Swiss caution on Libya travel due Gaddafi row
* Swiss respond to Libyan refusal to free Swiss citizens
* Row started with arrest of Gaddafi's son in 2008
ZURICH, Oct 26 (Reuters) - Switzerland advised its citizens on Monday not to travel to Libya after the North African country failed to free two Swiss businessmen held there since last year.
The Swiss foreign ministry said in a travel advisory published on its website that political tension which started after the arrest of the son of Libyan leader Muammar Gaddafi in Geneva last year was continuing.
"The Libyan authorities are reacting with measures against Swiss persons and firms in Libya, for example the arrest of Swiss citizens and the obstruction of business," it said.

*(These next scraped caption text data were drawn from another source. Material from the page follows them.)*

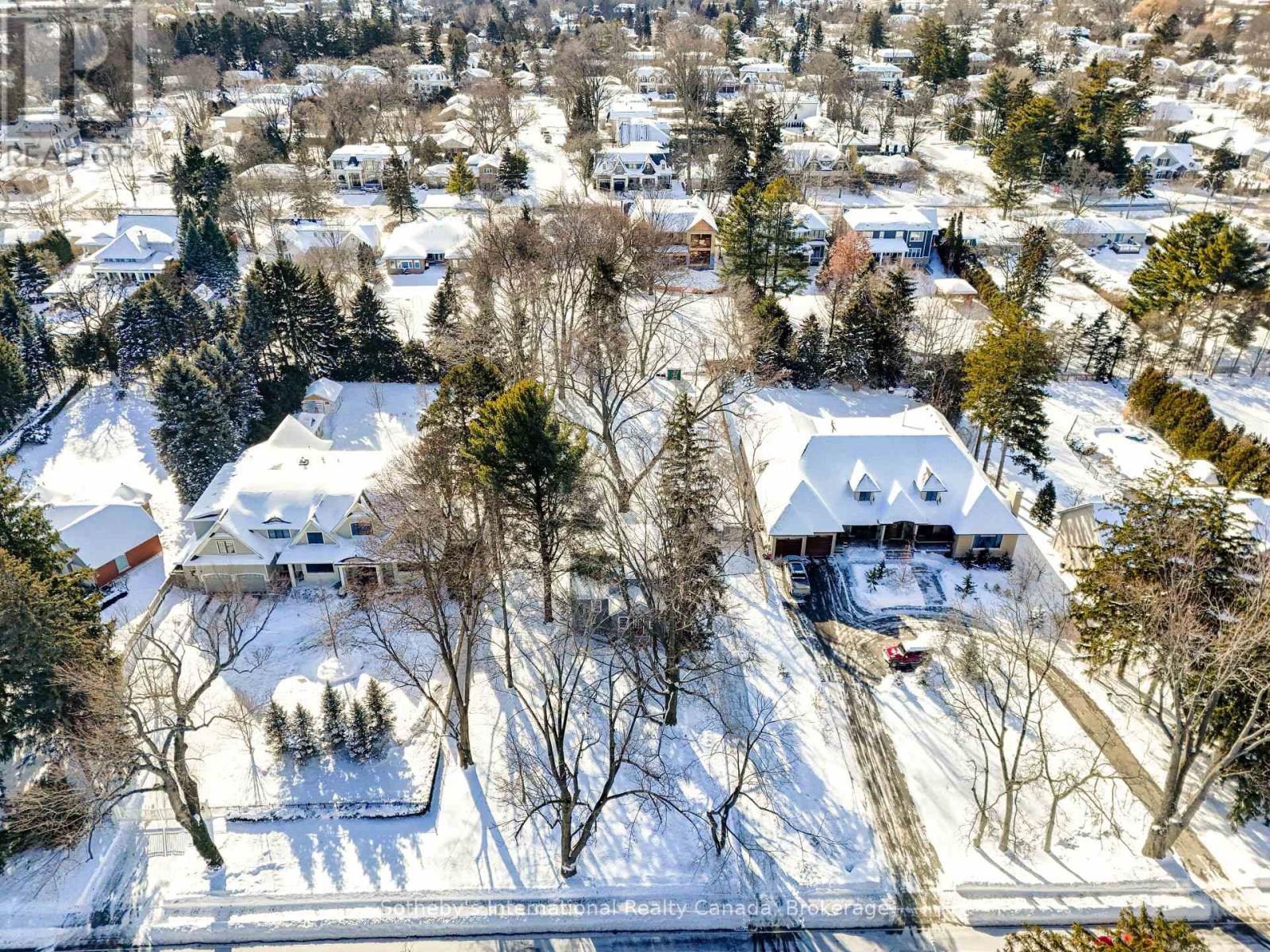 362 Fourth Line, Oakville, Ontario  L6L 5A4 - Photo 3 - W12754188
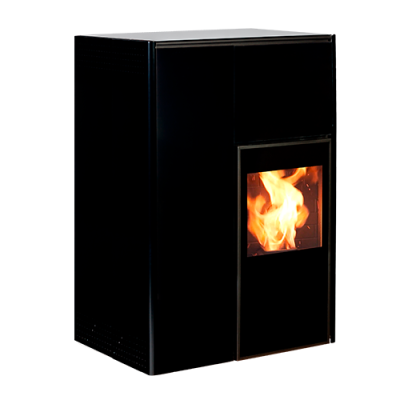 Lareira preta com vidro e fogo aceso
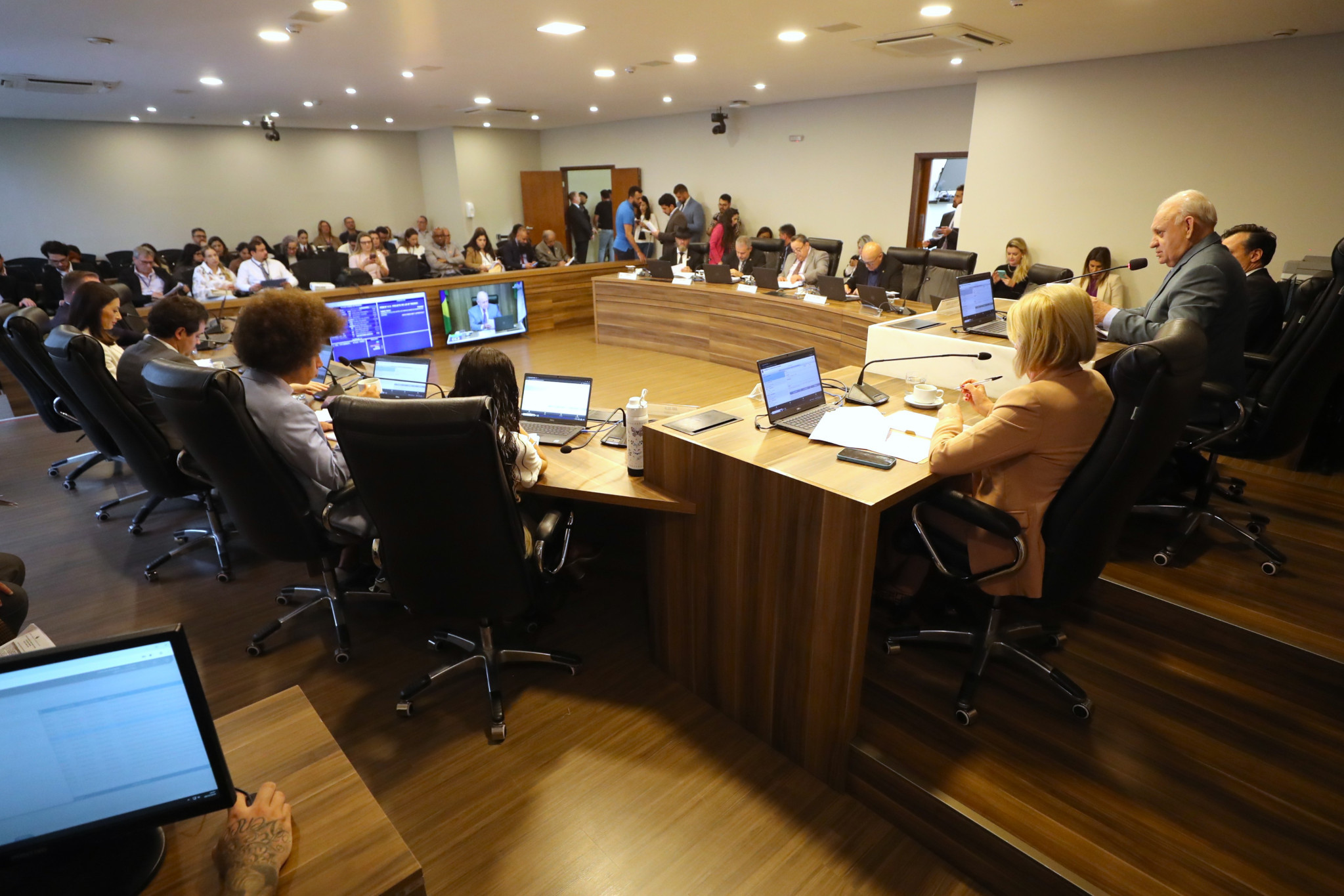 CCJ aprova proposta que amplia acesso a recursos do Fundo de Desenvolvimento Econômico para empreendedores e cooperativas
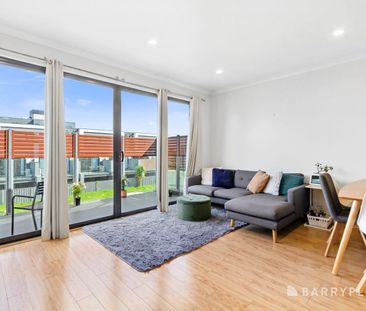 Modern Luxury Living: 3 Bed, 2 Bath Town Residence in Mount Waverley - Photo 6
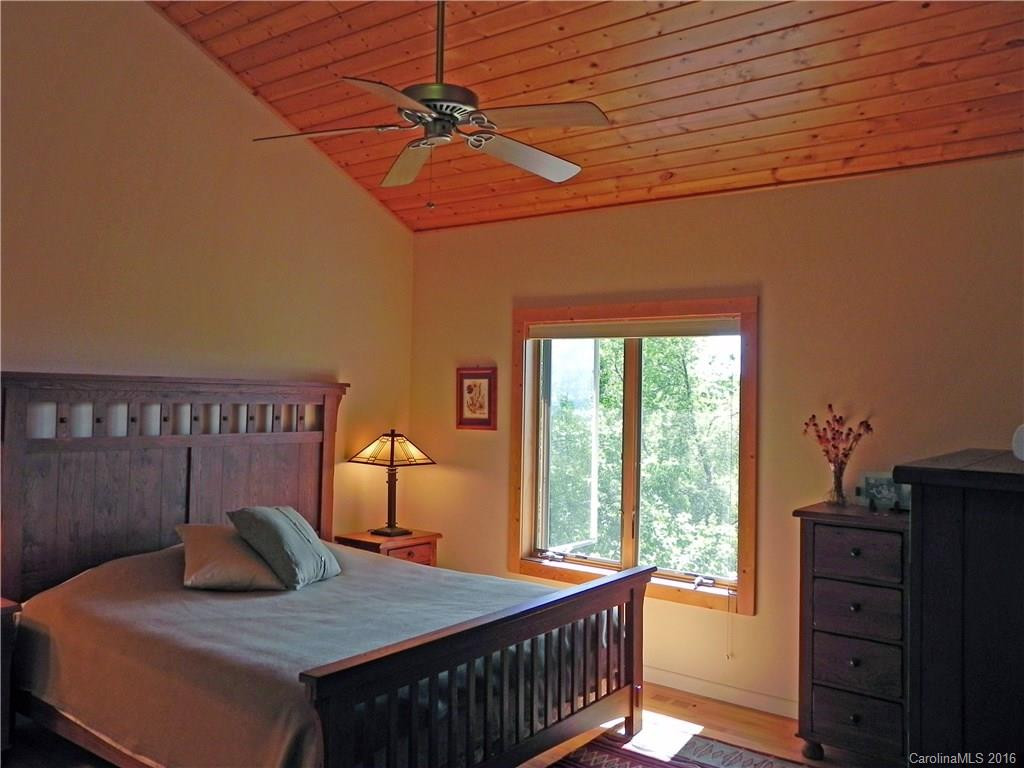 394 Scenic Circle - Photo 14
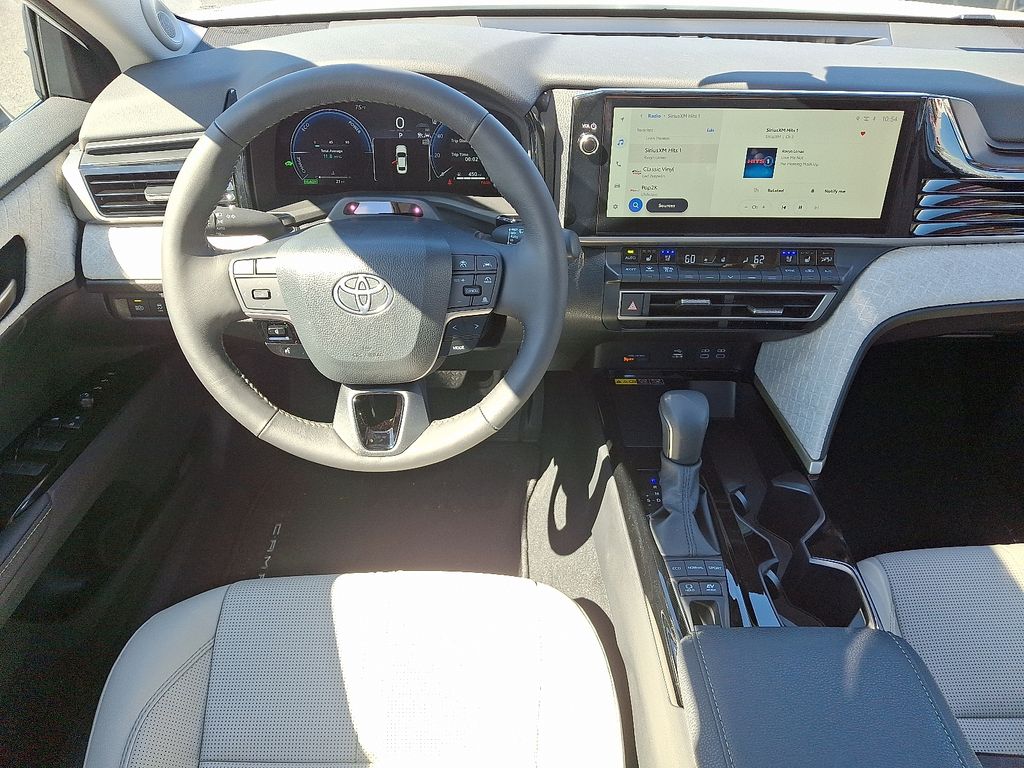 Thumbnail: 2025 Toyota Camry - 12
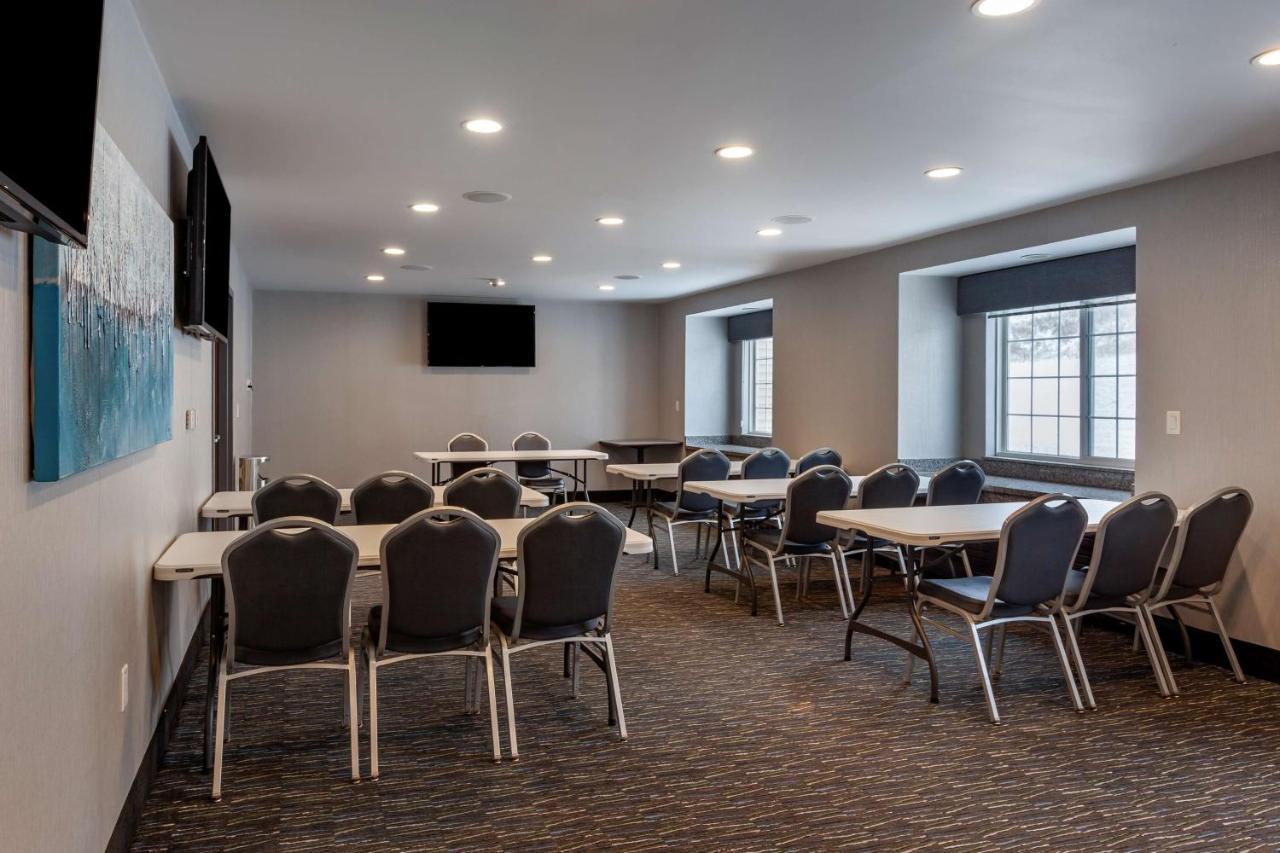 Best Western Plus Woodstock Inn & Suites Екстериор снимка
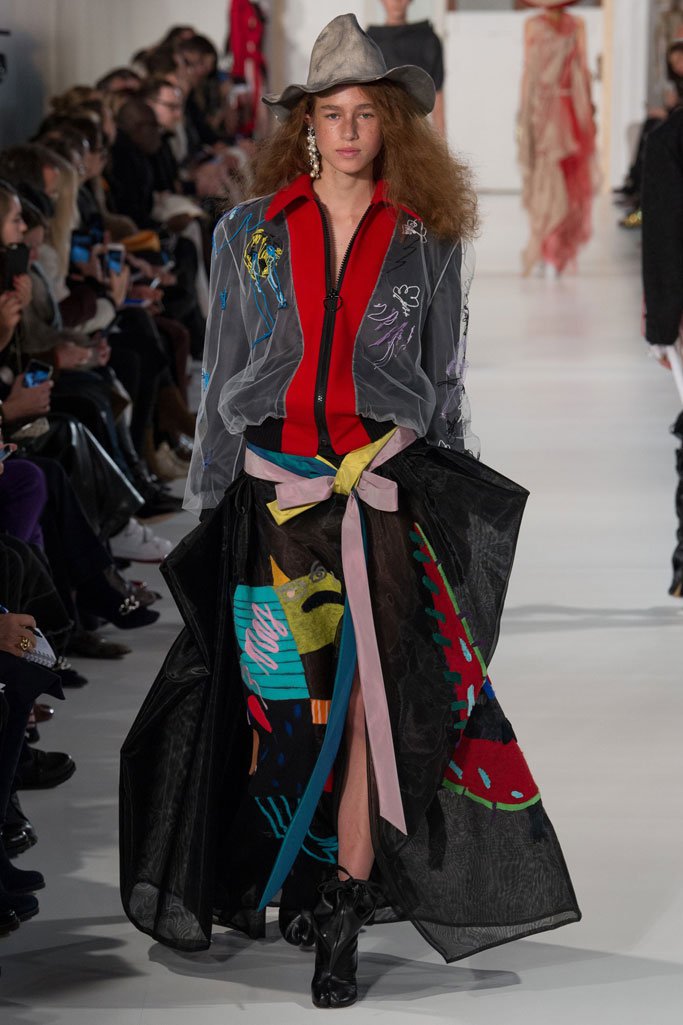 Maison Margiela 2025巴黎时装发布会春夏时装秀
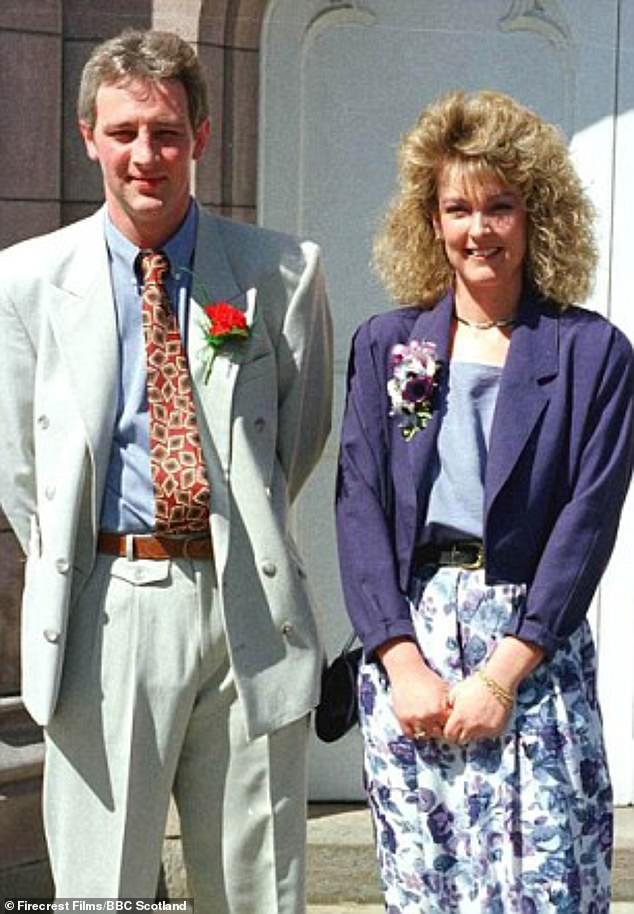 La familia de una madre de dos hijos asesinada por su marido hace 28 años exige que revele dónde estaba escondido su cuerpo o que regrese “a su celda”.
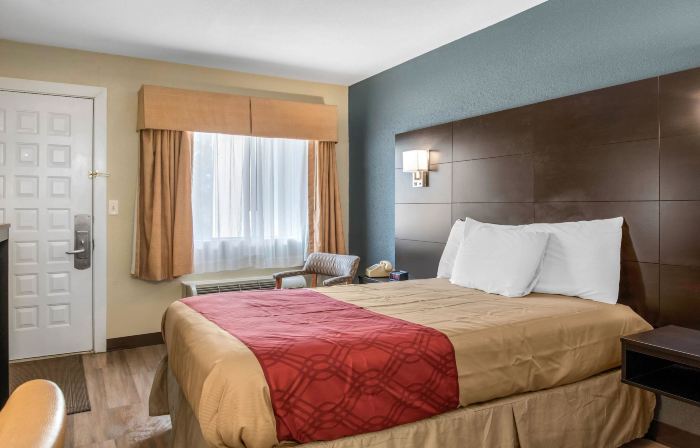 Econo Lodge Freeport - Brunswick Area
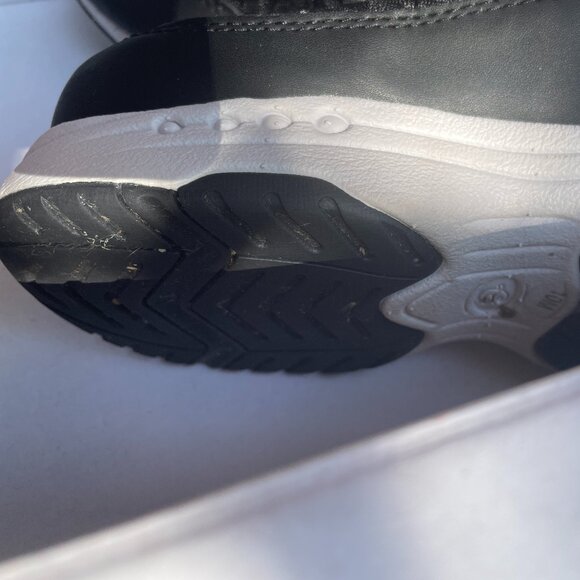 Boxed Easy Spirit Women's Traveltime Slip-On Mule / Black Mesh Mules - SIZE 10M - Picture 8 of 15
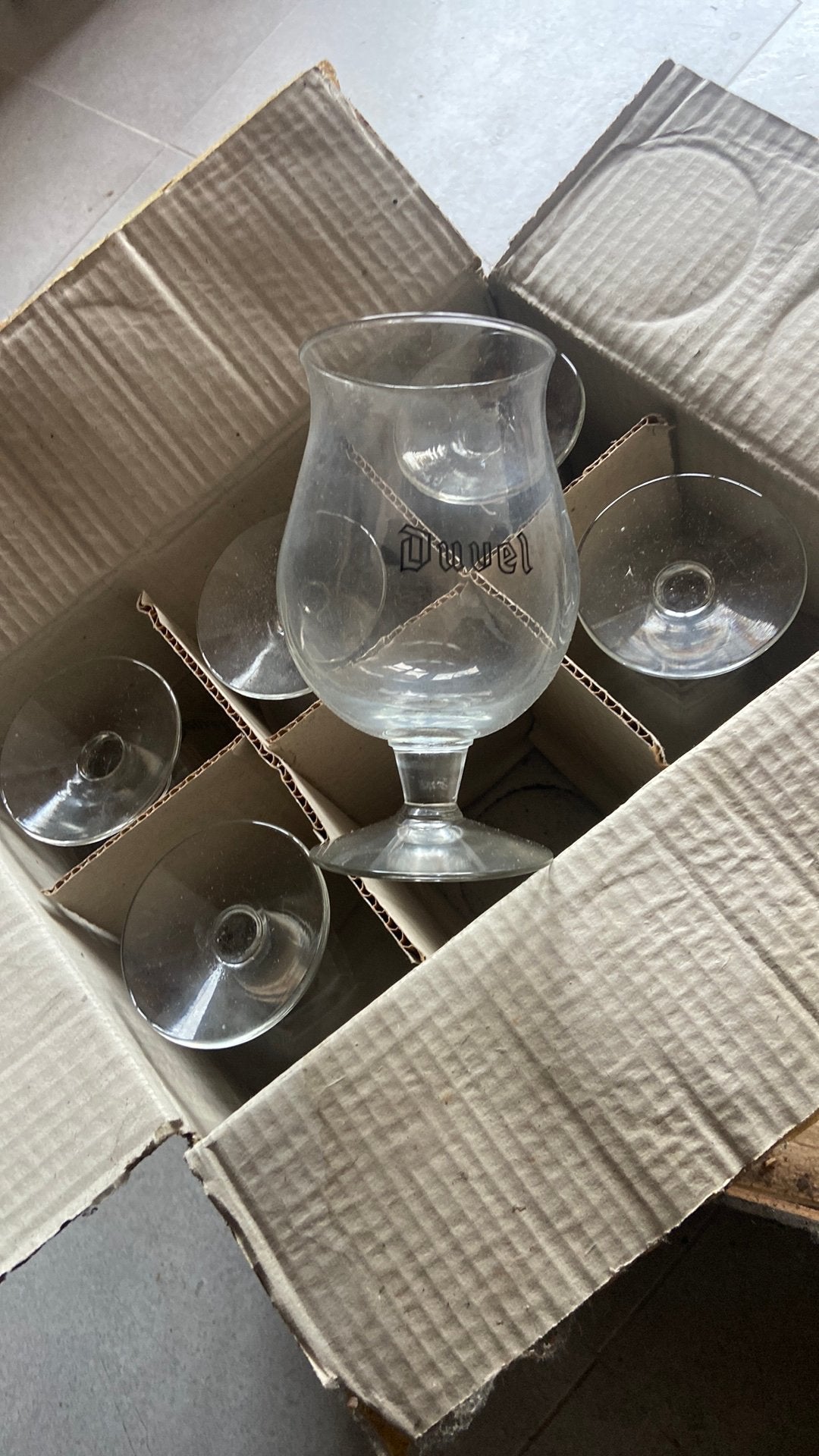 Duvel glazn, Ophalen, Zo goed als nieuw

The ministry advised against all travel to Libya, adding that the risk of kidnapping was very high due to armed gangs and Islamist militants who operated in large parts of the Sahara.
The Swiss say Gaddafi promised to free the businessmen after meeting Swiss President Hans-Rudolf Merz on the sidelines of the U.N. General Assembly in New York last month. [ID:nLO120274]
The two men are Max Goeldi, head of the Tripoli unit of the Swiss-Swedish electrical engineering conglomerate ABB (ABBN.VX), and a construction firm employee identified as Rachid Hamdani in Swiss media.
They have been prevented from leaving Libya since July 2008, days after Swiss police arrested Hannibal Gaddafi on charges, later dropped, of beating and mistreating two domestic employees while staying in Geneva.
ABB said on Friday it had not heard from Goeldi for five weeks and did not know where he was. ABB called on the Swiss and Libyan governments to resolve the situation swiftly.
After Hannibal Gaddafi and his pregnant wife Aline were arrested in a Geneva hotel, Libya cut oil supplies to Switzerland and withdrew more than $5 billion in assets from Swiss banks.
The Geneva prosecutor dropped the case last year when the plaintiffs withdrew their formal complaint after reaching an undisclosed settlement with the Gaddafis.